§ What needs to be done: Beginning with the line that contains "It's a mild", retype the entries below exactly, ending with the line that contains "All right, this". Leave out any pictures.

§ Data for processing:

Content starts

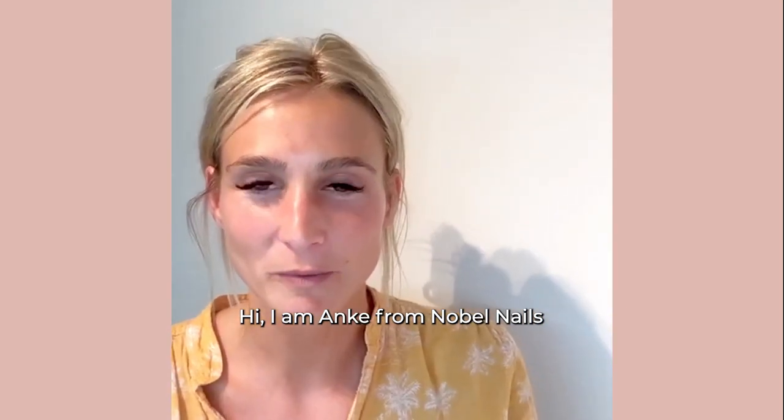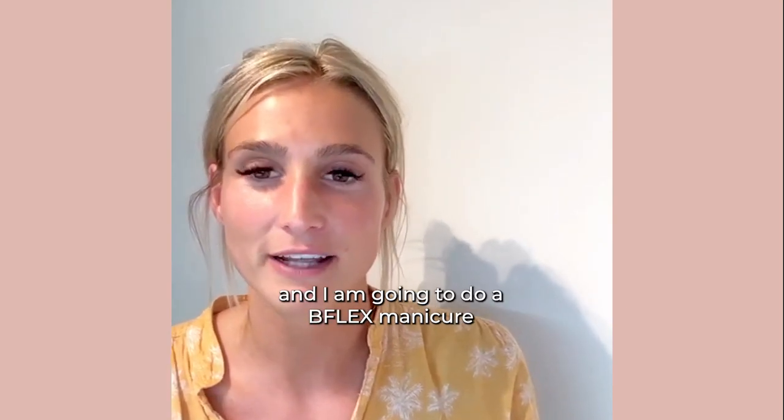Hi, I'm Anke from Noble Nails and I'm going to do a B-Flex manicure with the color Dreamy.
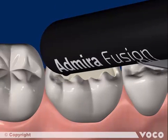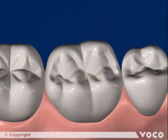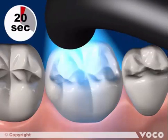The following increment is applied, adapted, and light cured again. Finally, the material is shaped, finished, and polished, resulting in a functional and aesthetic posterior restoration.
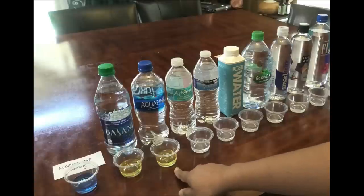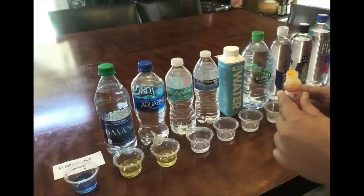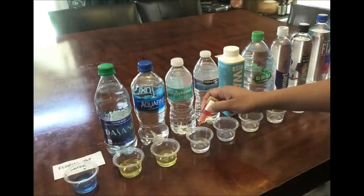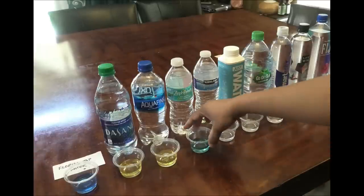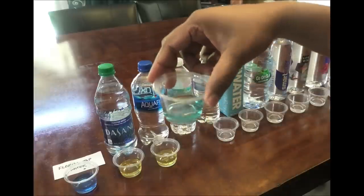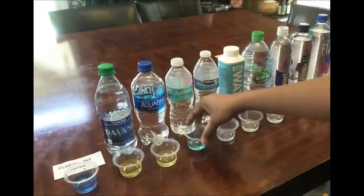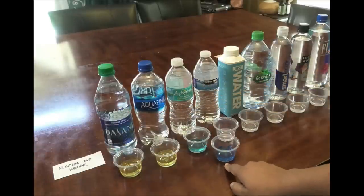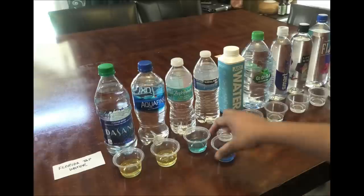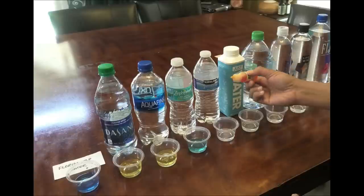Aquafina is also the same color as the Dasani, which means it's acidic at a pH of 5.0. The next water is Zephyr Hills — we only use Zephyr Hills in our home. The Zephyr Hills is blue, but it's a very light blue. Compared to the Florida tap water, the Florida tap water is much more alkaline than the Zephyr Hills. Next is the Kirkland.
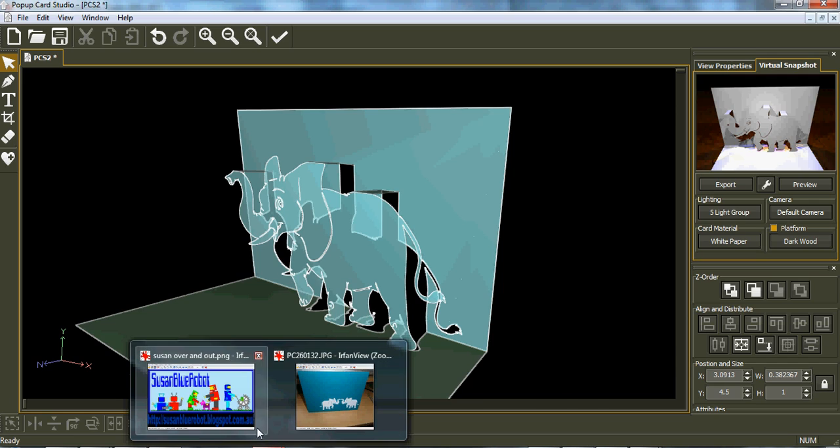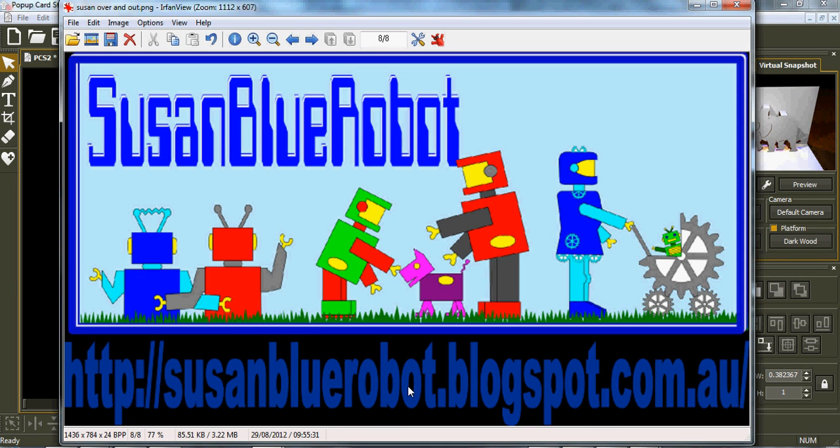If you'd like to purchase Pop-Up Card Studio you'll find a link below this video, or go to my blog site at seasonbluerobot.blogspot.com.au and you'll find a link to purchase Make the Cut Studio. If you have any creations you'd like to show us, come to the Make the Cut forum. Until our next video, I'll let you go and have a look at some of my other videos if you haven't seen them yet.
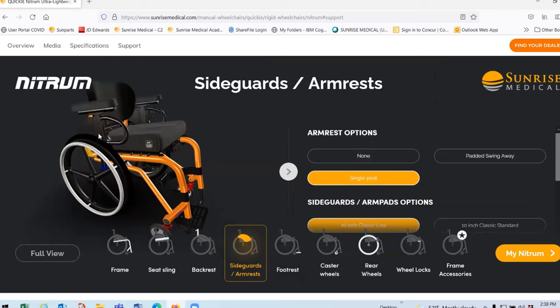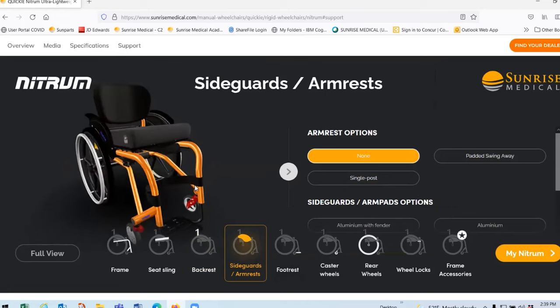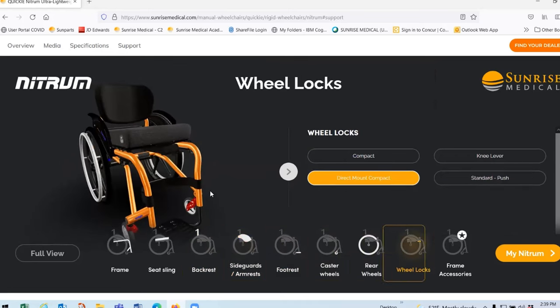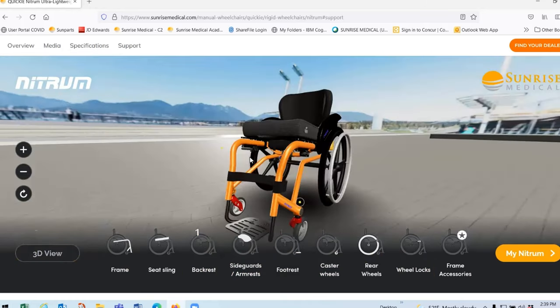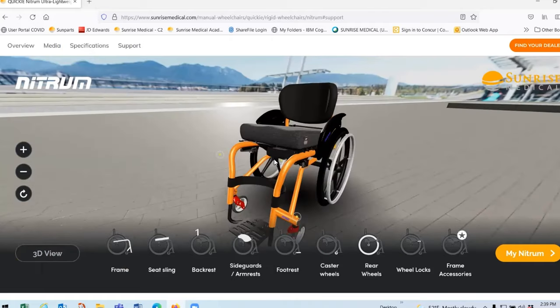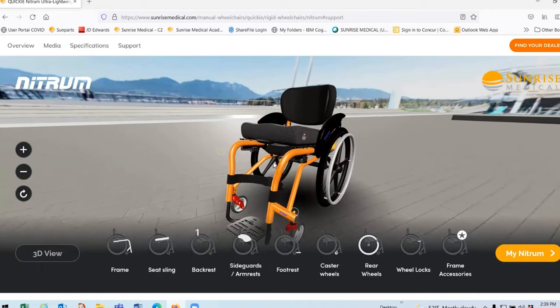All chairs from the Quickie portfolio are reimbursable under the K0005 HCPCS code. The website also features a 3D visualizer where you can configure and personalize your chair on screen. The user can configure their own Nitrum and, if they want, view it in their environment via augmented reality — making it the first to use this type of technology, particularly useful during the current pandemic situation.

Content ends
Content starts

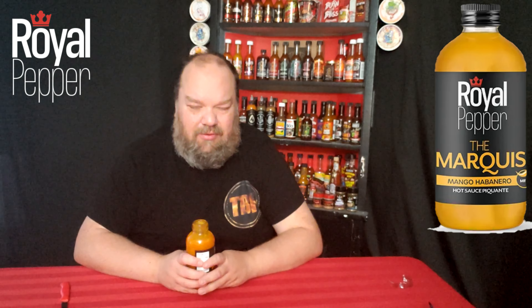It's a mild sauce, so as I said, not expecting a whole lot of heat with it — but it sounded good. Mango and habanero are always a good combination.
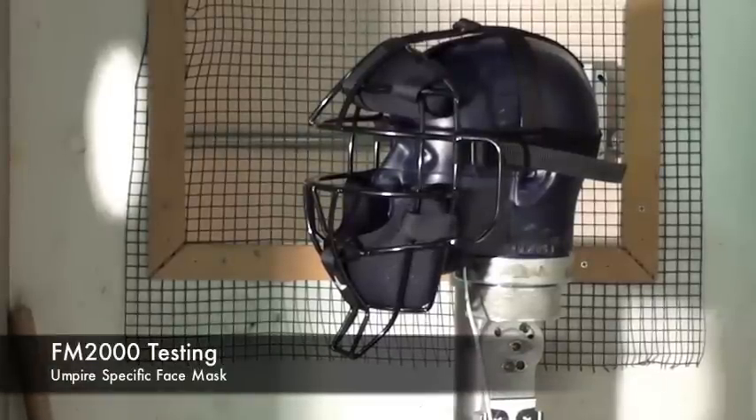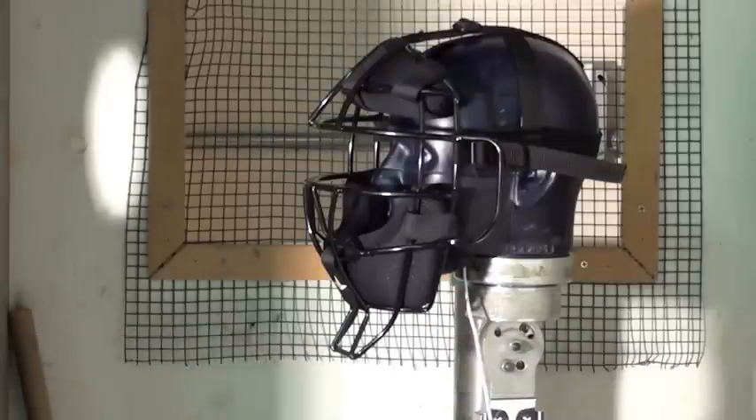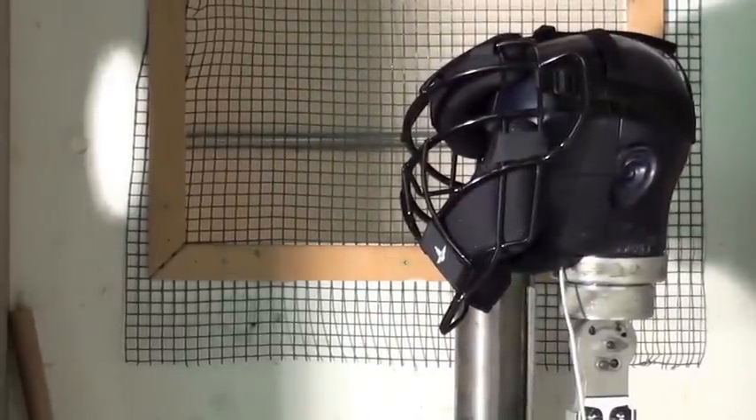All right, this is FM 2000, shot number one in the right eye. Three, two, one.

Content ends

§ Expected answer:
It's a mild sauce, so as I said, not expecting a whole lot of heat with it — but it sounded good. Mango and habanero are always a good combination.
All right, this is FM 2000, shot number one in the right eye. Three, two, one.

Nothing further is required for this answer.